この作業は打鍵した後のハンマーが次の打鍵に備えるための位置調整でもあり、連打性能の低下や二度打ち(リバウンドともいう)、打鍵したら音が伸びない等のトラブルを防ぐための作業でもあります。

ハンマーは基本的に弦を叩くと跳ね返り手前に戻ってきます。

鍵盤そのものを下まで押し下げると、「バックチェック」という部品が、ハンマー部品の下にある黄色いレザーが貼られている「キャッチャー」を受け止めることで跳ね返ったハンマーの位置を揃え、次の打鍵に備えます。

この赤い部分が「バックチェック」、青い丸の部分が「キャッチャー」と呼ばれます。

実際に「バックチェック」が「キャッチャー」を受け止めようとしていますね。

この状態の際は弦とハンマー先端との距離が大体13mm~15mmになるように「バックチェック」を調整していきます。

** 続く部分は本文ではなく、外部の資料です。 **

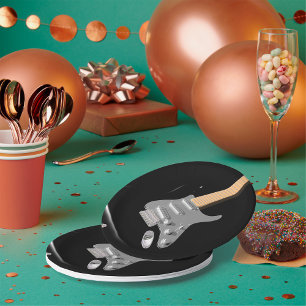 Striking Black Electric Guitar Musical Instrument Paper Plates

低音部、中音部、高音部とセクションごとに違うので注意してください。

両手で鍵盤を4~5本同時に打鍵します(鍵盤の押す力はメゾフォルテ程度ぐらいで)。鍵盤を押す力は同じ力でしないと永遠に揃わないので打鍵するコツを覚えます。

大体ハンマーと弦の距離をこのくらいになるように調整し、弦から跳ね返ったハンマーの位置を揃えます。

ハンマーを適切な位置で止まるようにしないとアップライトピアノの構造上、打鍵するたびに元の位置まで戻ると連打性能の低下や二度打ち(リバウンド)、打鍵したら音が伸びない等のトラブルが出てしまうからです。

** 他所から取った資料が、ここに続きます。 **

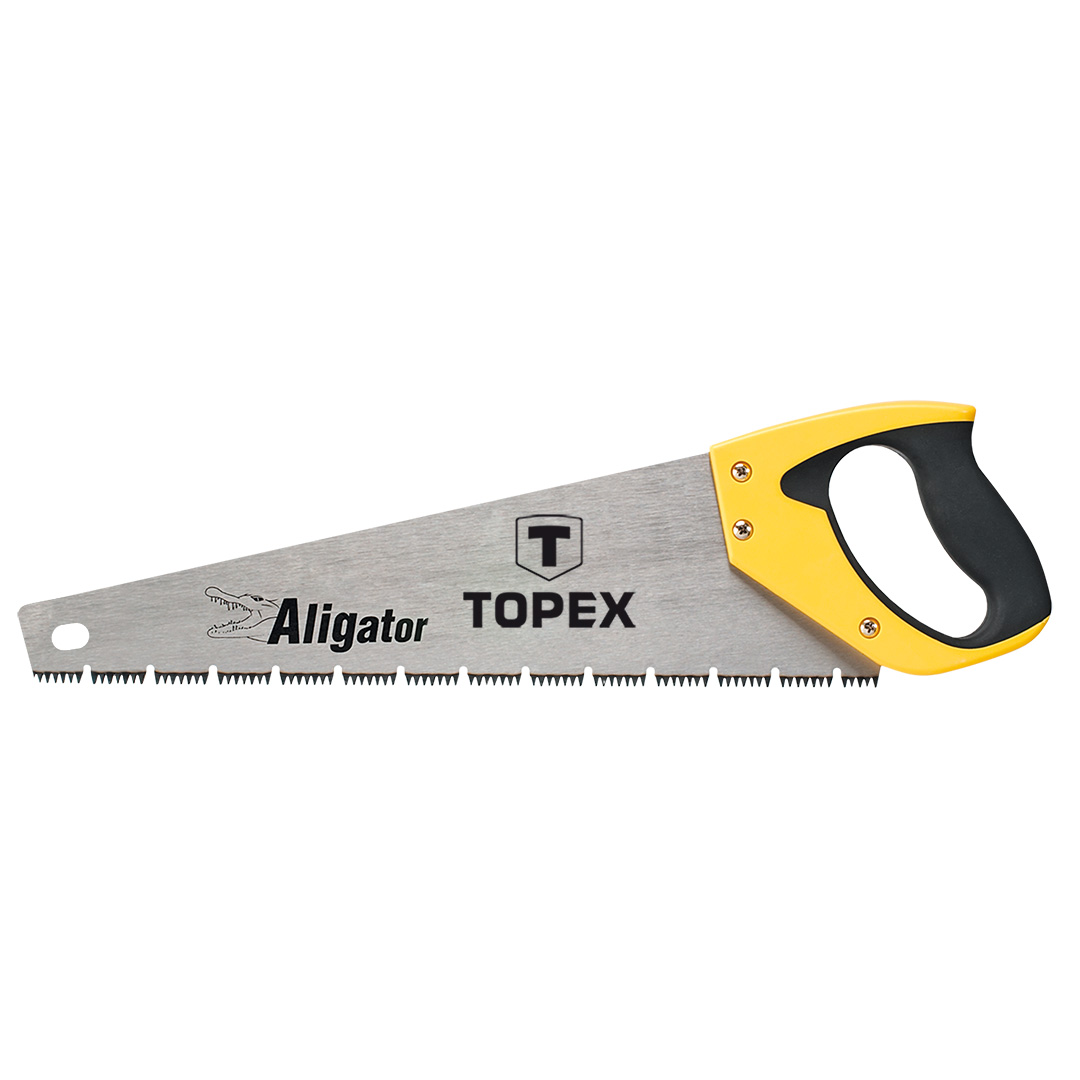 TOP-10A441--Piła płatnica Aligator, 400 mm, 7 TPI, trójstronnie ostrzone, hartowane zęby, dwumateriałowy uchwyt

そのようなデメリットが出るのなら無いほうが良い・・・という訳にもいきません😥

「バックチェック」と「キャッチャー」が無い状態でハンマーを打鍵すると連打がまったくできなくなるため必要不可欠な部品なのです💦

「バックチェック」を調整する時はこのオレンジ色の丸い部分を前後に動かして調整を行います。

弦とハンマー先端との距離が狭い場合は手前に(緑色の矢印)、逆に弦とハンマー先端との距離が広い場合は奥(赤い矢印)へ動かして調整を行います。

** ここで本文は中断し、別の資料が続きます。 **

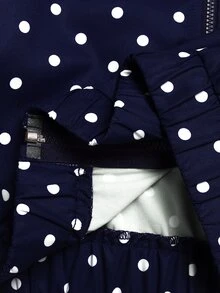 SHEIN 女童休閒日常棕色與白色波點翻領秋冬夾克 - 藍色 - 查看 8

ちなみにこの作業は「U3H クリーニング記録⑪🛠️」に記載した『鍵盤の深さ調整』を先にしておかないと出来ない工程でもあります。

なぜなら鍵盤の深さが変わると、打鍵後のハンマーの位置が変化してしまうのです。

故に鍵盤の深さを修正、もとい再調整をした時は『バックストップ』の調整も必然的に見直さなくてはいけません。

複雑な部品や機構がまとまっていて、1つ1つ独立した工程があるように見えますが、何かしらの不具合があるとその部品に密接な関係を持っている部分に影響が出てしまうのがこの『整調』と呼ばれる奥の深い、ピアノ本体の総合調整となります。

結局、完全に独立した作業工程はないと言ってもいいかもしれません。